Along Route 99 there are three rest areas. The Chester H. Warlow rest stop near Kingsburg is the only one that is not a pair of rest stops; that is, north or southbound, you go off to the east side of 99 to get to the rest stop.
Route 99 Rest Stops

It was recently rehabbed and probably because of that I noticed this memorial plaque for the first time.
Chester H. Warlow Memorial Rest Area (4898)

I set off on a search to find out who he was. On this page there's a photo of the plaque from 2007, proving it was there before the rehab. The photographer says there's another plaque near the Marin County end of the Golden Gate Bridge, but I didn't find any other references to that. Bay Area readers, if you can point me to a photo of that plaque, I would appreciate it.

Photos of the rest stop here.

From a history of Fresno County:

Chester H. Warlow, the youngest of the four children, was born on June 3, 1889 and was only six months old when he came to Fresno with his parents. He attended the grammar schools and then went to the Kemper Military Academy at Boonville, Mo., one of the best military schools of its size in the country, from which he was graduated in 1906. He then entered the Leland Stanford University and took the prelegal course and was graduated in 1911 with the degree of A.B.; and in the fall of that year he matriculated at the Harvard Law School, at Cambridge, Mass. For a year there he specialized in law, and the following year returned to Leland Stanford and completed the Stanford Law School course. When he graduated, as a member of the Class of '13, he received the degree of Doctor of Law.

Returning to Fresno, Mr. Warlow entered the law office of his father, and father and son formed the partnership of Warlow & Warlow. At the opening of the World War, Chester volunteered in the regular army, and was sent to Kelley Field, Texas; and later on he was assigned to the One Hundred Fifth Aero Squadron there, where he attained to the rank of First Lieutenant. He was honorably discharged on December 24, 1918, and arrived home on the following New Year's Day. The first of February he opened his law office at 812 Griffith-McKenzie Building, and since then has been busy at the commencement of his independent career in which, it is safe to say, he will ably and conscientiously maintain the enviable traditions of his honored father.

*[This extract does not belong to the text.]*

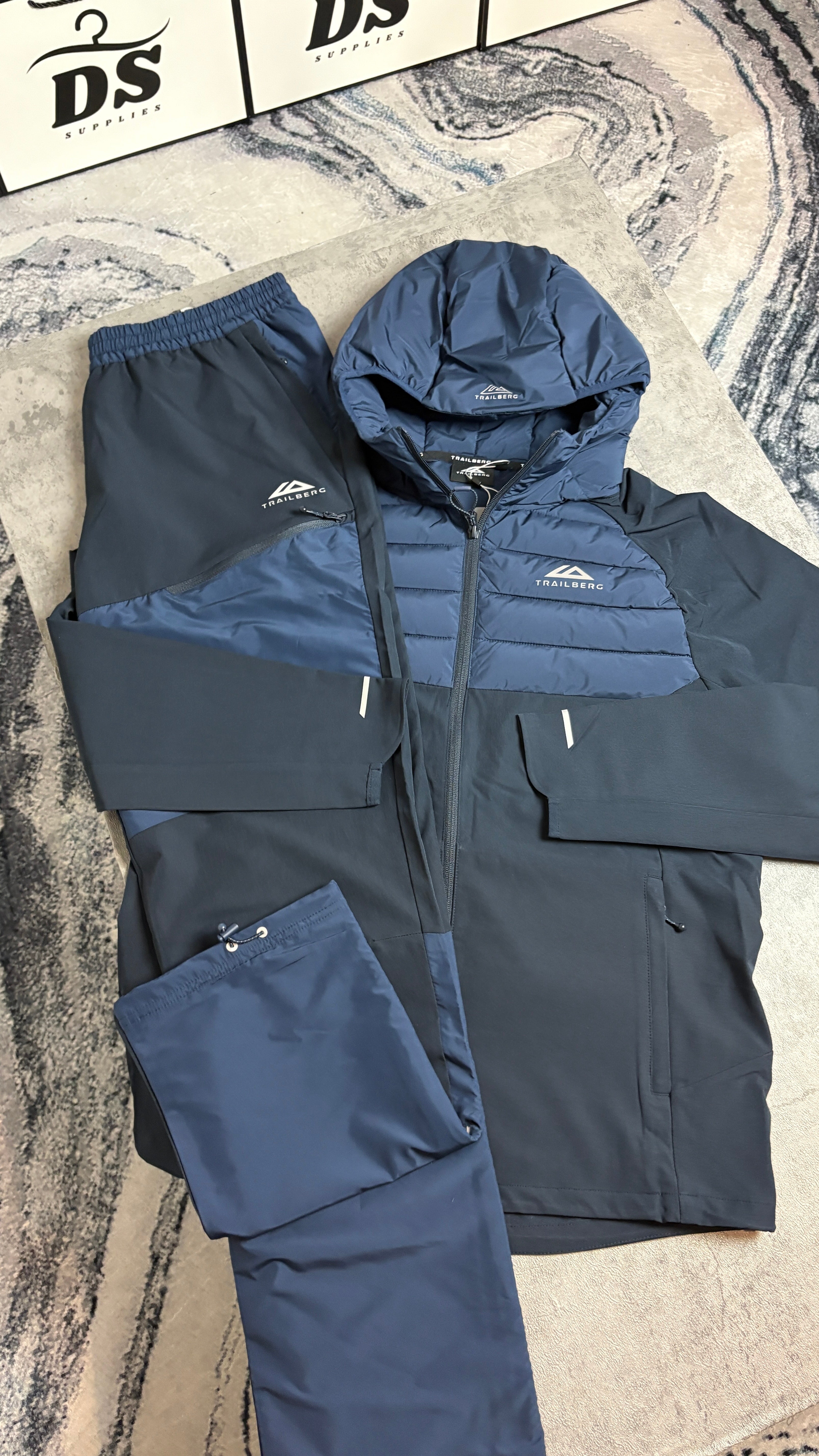 TRAILBERG RHINE TRACKSUIT 2.0 - OCEAN BLUE/NAVY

The San Joaquin Light and Power Magazine for Consumers and Employees of January 1914 published this poem by Chester H. Warlow:

An Invitation

Oh! Where is the land that God forgot?
  Some said 'twas Coalinga, you know,
But that was before all the drilling;
  Yes, that was long years ago.

You of the City, at present
  Would say He'd forgotten it still.
But what do you know of the Oil Fields—
  What do you know of a drill?

You've never had your hands grimy,
  Covered thick with black-blue oil.
You have never lived in the open;
  You think of this life as toil.

You have never heard the sand line
  Go singing against the rim
Of the great big twelve-inch casing,
  As the bailer went plunging down in.

You have never sat in the evening
  When the moon lit the derrick towers
And seen all the field lights gleaming;
  Just sat there passing the hours.

You've not heard the puffs of the engines,
  So quiet they seemed but a part
Of the magnitude of the Evening.
  Why, man! What's become of your heart?

If you cannot love our oil fields,
  It's because you don't understand.
You've been cooped up in the City
  'Till your life's throttled down by its hand.

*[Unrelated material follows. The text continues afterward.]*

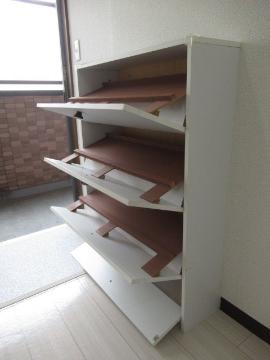 　その他設備　下駄箱（開）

Come out with us 'mid the derricks,
  Be it Kreyenhagen or Oil City lease,
Come out to a life worth living,
  Come out where there's quiet and peace.

Then you'll not say God has forgotten,
  If you're tired of living, my friend;
Come with me to our Oil Fields,
  Life will be worth living then.

Chester H. Warlow
A photo of Chester Warlow
from the Shaver Lake Fishing Club.

Below is how he looked in 1951:
Chester H. Warlow

Mt. Warlow in Kings Canyon National Park is named for him.
Unnamed Lake and Mount Warlow
Photo by Sierralara of Mt. Warlow.

From CalTrans:

WARLOW, CHESTER H. : Chester H. Warlow (1889-1963) was an attorney, civic leader, and conservationist who played an important role in the building of highways to Sequoia National Park and Kings River Canyon. He also served as a member of the California Highway Commission for 20 years. Mount Warlow in Fresno County is named for him, as is the Safety Roadside Rest Area off of Route 99 at Dodge Avenue in Tulare County.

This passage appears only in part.